**Problem to solve:**
Pictures do not belong in the copy; retype the records below exactly.

>>>

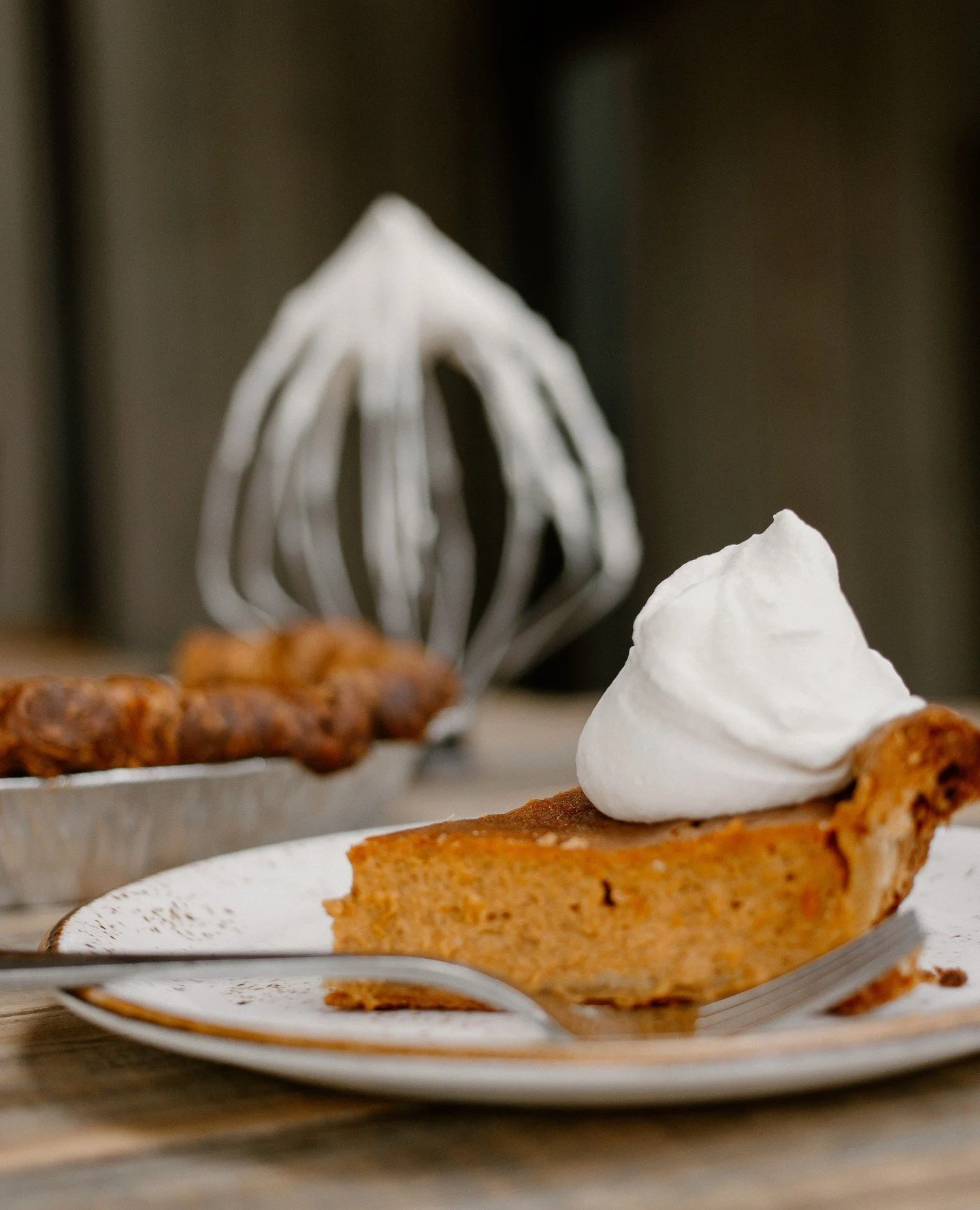 Bring the pie to Thanksgiving dinner that wows the family - silky pumpkin custard, buttery flaky crust, and guaranteed family applause 🥧👏🏼 Pre-order by November 17th!⁠
⁠
Order through the link in our bio!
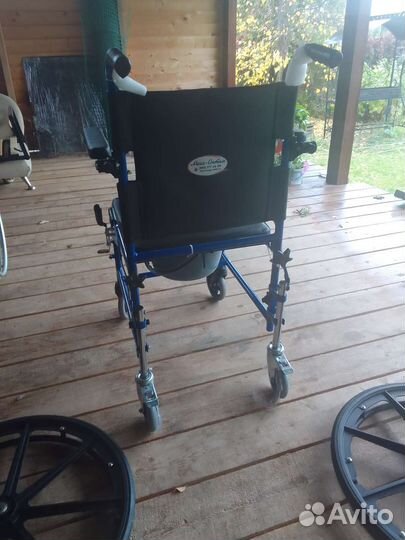 Коляска инвалидная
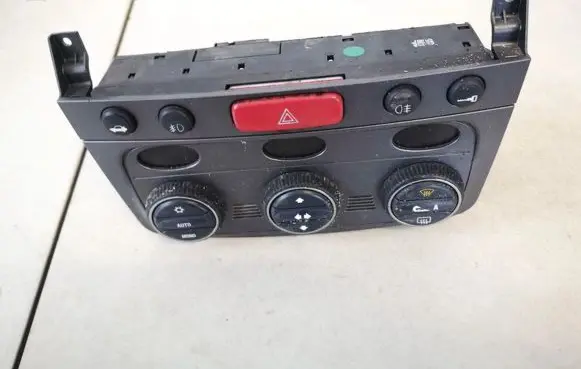 Alfa Romeo 147 Climate control unit 01560513720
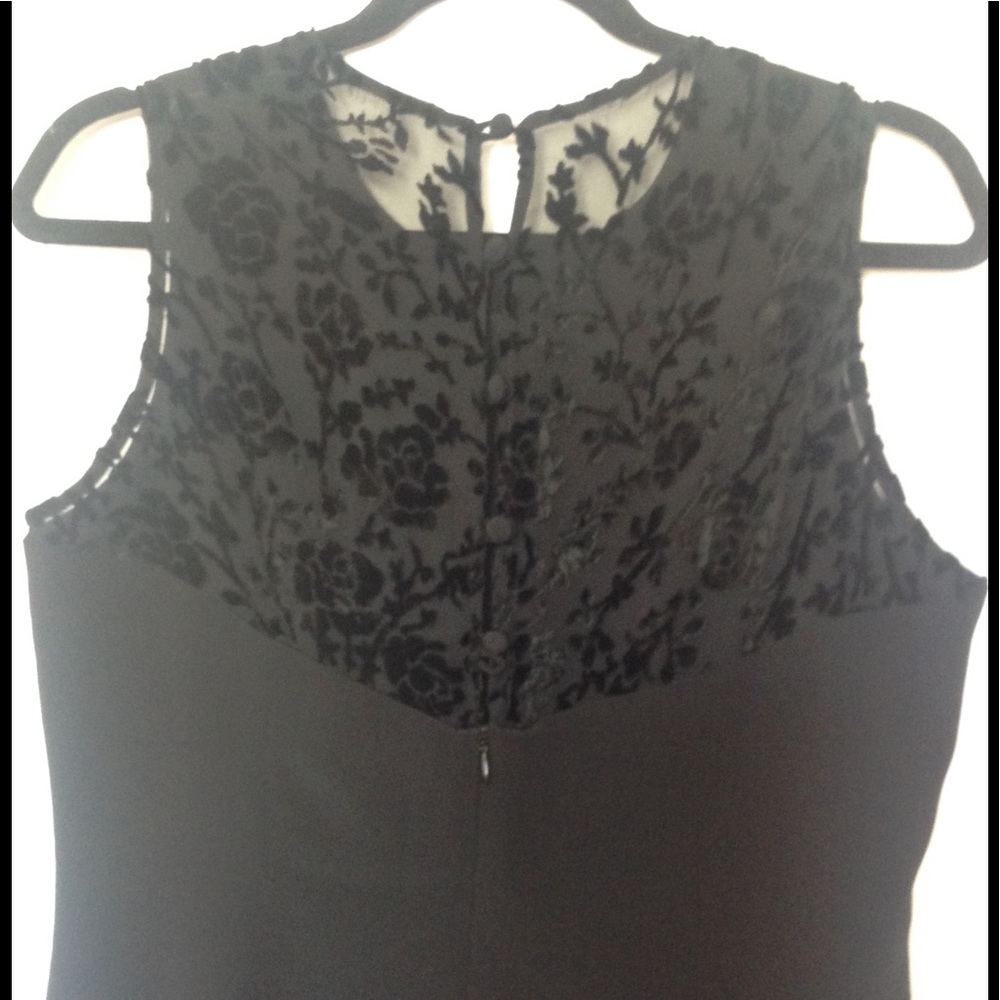 Gorgeous black 3/4 length gown - Picture 2 of 7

<<<

**Written reply:**
 Bring the pie to Thanksgiving dinner that wows the family - silky pumpkin custard, buttery flaky crust, and guaranteed family applause 🥧👏🏼 Pre-order by November 17th!⁠
⁠
Order through the link in our bio!
 Коляска инвалидная
 Alfa Romeo 147 Climate control unit 01560513720
 Gorgeous black 3/4 length gown - Picture 2 of 7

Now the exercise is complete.